Once again, it doesn't hurt that Crook is drawing the comic. He's got a skill at drawing the particularly terrifying looking, and that comes into play well here. The surprises locked up in the basement look unearthly and twisted; he's able to take a realistic base and then just warp it enough that once again, it feels "wrong." That's exactly what the script demands, and Crook knows how to alter things just enough that you can still recognize where they started, while still feeling out of place. That said, I love that the little scenes -- Liz taking a covert drag on a cigarette, or B.P.R.D. agents vying for good food in the cafeteria -- still feel very natural and recognizable. It would be easy to make everything a little off-base, but Crook is just as good at giving us reality so that the scary moments are that much more so.

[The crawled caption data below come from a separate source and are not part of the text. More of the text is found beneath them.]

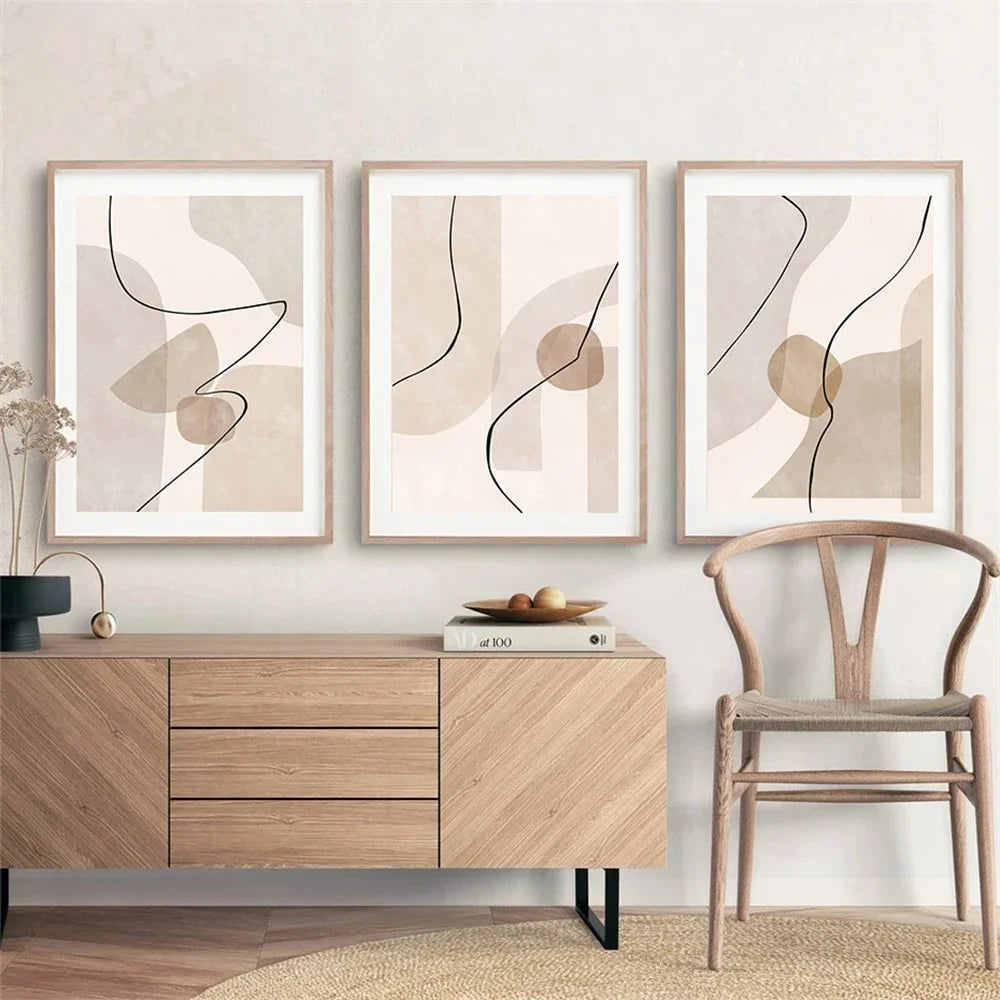 Abstract Boho Geometry Line Canvas Prints – Set of 3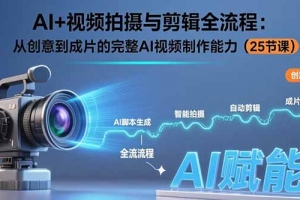 AI+视频拍摄与剪辑全流程:从创意到成片的完整AI视频制作能力(25节课)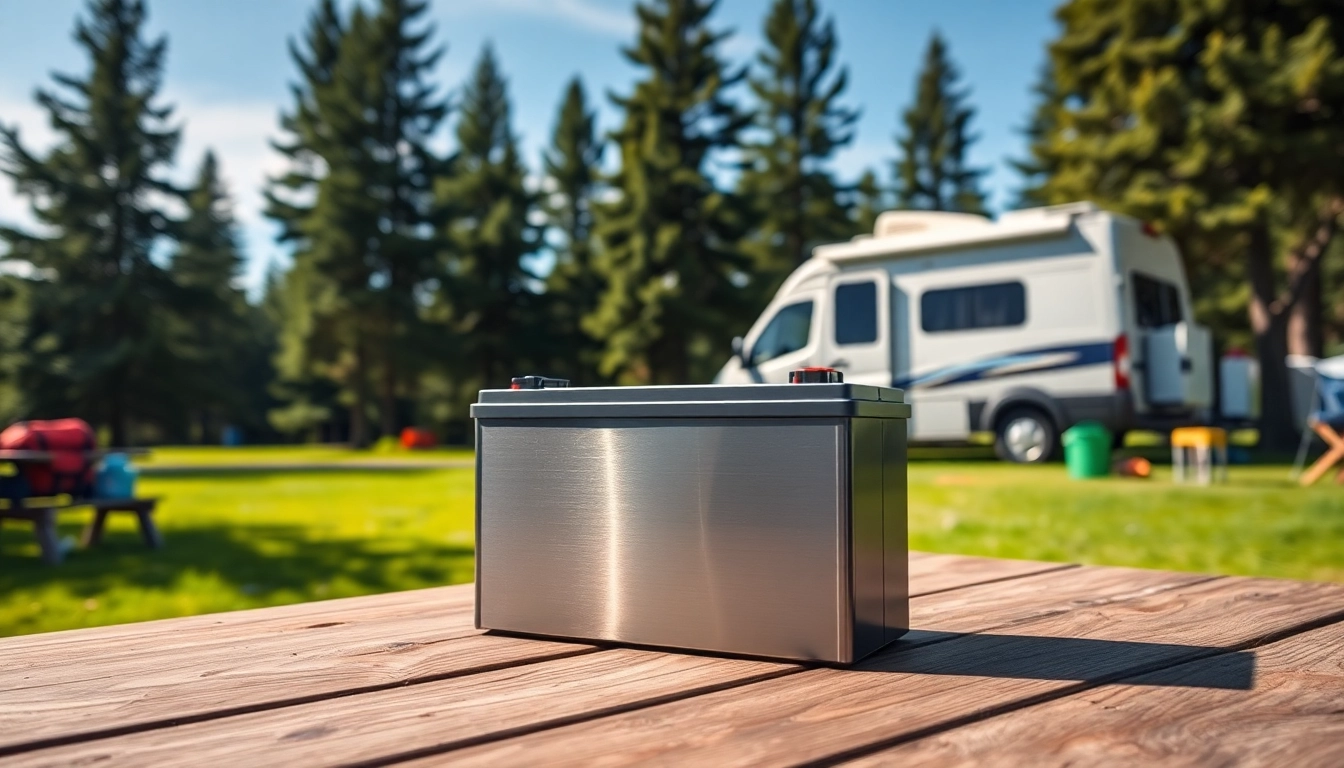 Showcasing lithium RV batteries on a picnic table, enhancing campsite experiences.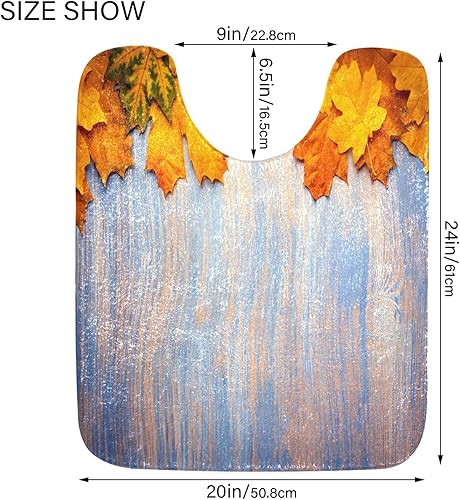 Miniatura 6 de Bathroom Rugs Sets 2 Piece 24x16+24x20 Inch,Soft U-Shaped Contour Toilet Rug Yellow Maple Leaf Non-Slip Absorbent Bath Floor Mat Carpet Set Water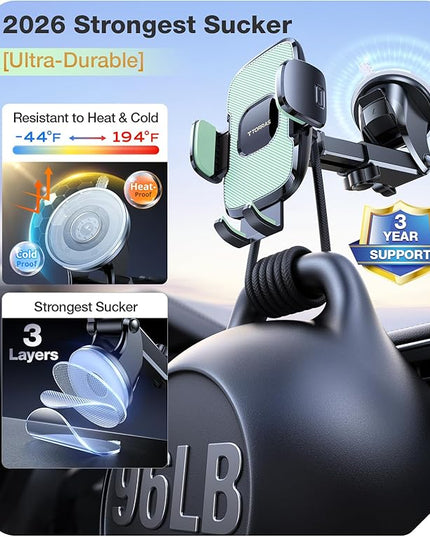 TORRAS 2026【Strongest Suction & Ultra-Durable】 Phone Holders for Your Car,【Patent & Safety Certs】 Car Phone Holder Mount Truck Stand for Dashboard Windshield Vent for iPhone 17 16 15 14 13, Sage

"B.P.R.D. Hell on Earth" #111 feels like the series is heading in a good direction; plots are building and the danger is increasing. With three more parts in "Lake of Fire" to go (to say nothing of whatever comes next), I feel like anything could happen courtesy Arcudi, Mignola, and Crook. Whatever that destination, I'm eagerly awaiting our arrival. "B.P.R.D. Hell on Earth" brings the creepiness every month, and this issue is no exception.